Primitive language analysis Primitive language analysis is the process of matching specific phrases of text to an email. The very first spam filters were quite primitive and were not really filters at all. Before real spam filters emerged, these primitive tools used a very simple approach to language analysis by simply scanning email for known senders in the message headers, multiple Usenet cross-postings (messages sent to a large number of different forums), or for phrases that were indicative of spam such as “Call Now!” and “Free Trial!” Between 1994 and 1997, there wasn’t much else the world could do about spam. The technology to fight it was too limited.39908
In the early days of spam, before spammers learned many of the nasty tricks they use today , filters that cross-checked against lists of junk mail sender lists were somewhat effective only because it was possible to filter based on a known list of words and phrases which most of the world believed only existed in spam. Filtering based on a single word alone had a potential success rate of around 80 percent, with very little chance of catching legitimate messages.

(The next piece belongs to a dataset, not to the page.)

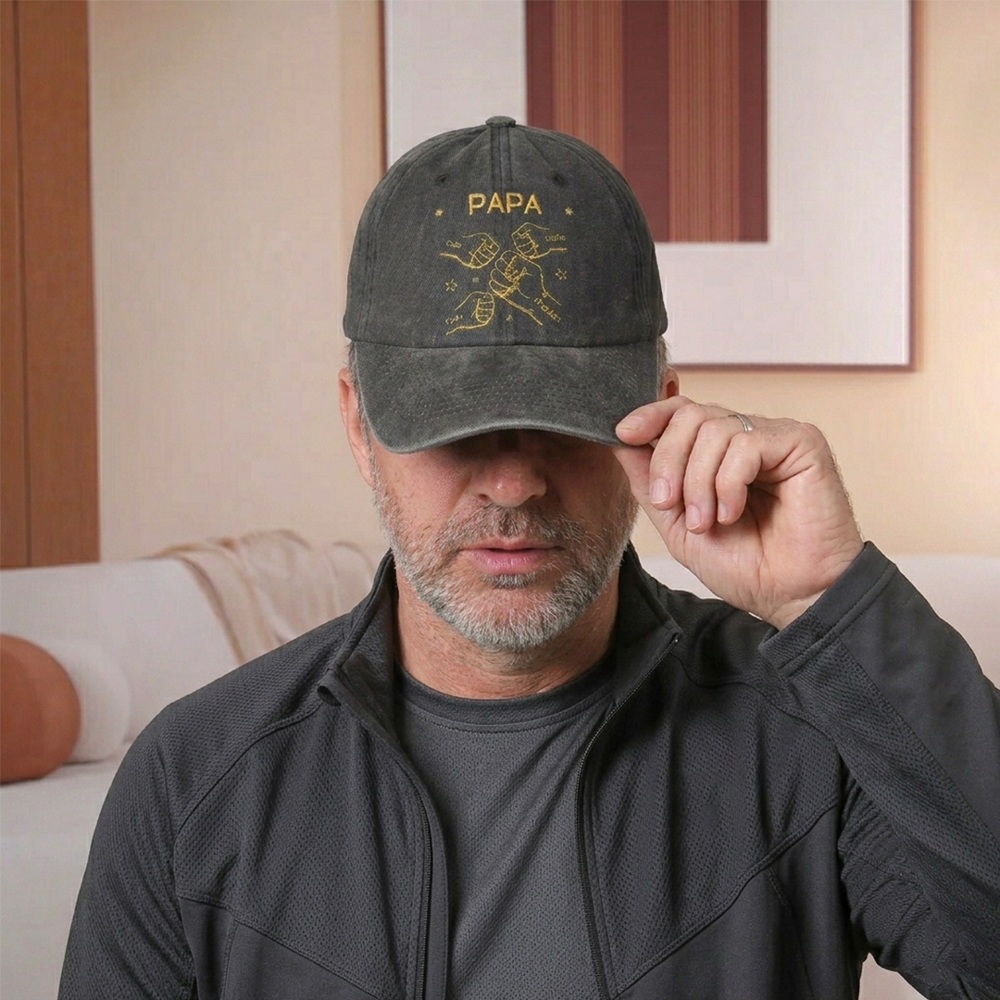 Personalisierte Basecap aus gewaschenem Jeansstoff mit 1 bis 10 Namen und Faustgruß-Motiv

Most of these early spam-catching tools were home-brewed solutions. Some tools, such as procmail (a utility for mail processing), were used to create recipes to filter for certain basic words and phrases in incoming email. As new spams were being distributed on a daily basis, the word and phrase lists required continued maintenance. Many inpiduals found themselves with better things to do with their time, and so a few commercial solutions became popular during this period. These commercial solutions were sold in conjunction with a subscription nightly-update service to automatically download and apply new filtering phrases.
This primitive approach to spam filtering became mainstream for a while. Early versions of some email clients such as Microsoft Outlook implemented simple junk mail sender lists that would check for known sender addresses in message headers. Although this approach had some weaknesses, it worked well enough up until it didn’t.
One major weakness of primitive language filtering is that a single guilty phrase, such as the words “toll free,” could condemn an entire legitimate message to a user’s junk mailbox. The simplicity of these spam filters eventually led to a high false-positive rate. Although some of these guilty phrases applied to a majority of spam, they also began to apply to a small collection of legitimate mail. As a result, a user had to check their bit-bucket frequently to make sure that no legitimate messages were caught. It also became clear that there were some gray areas to spam filtering: As the phrase “one man’s spam is another man’s ham” (which grew out of this period) suggests, some messages (like a bulk invitation to a conference) might be considered wanted mail by some users and spam by others.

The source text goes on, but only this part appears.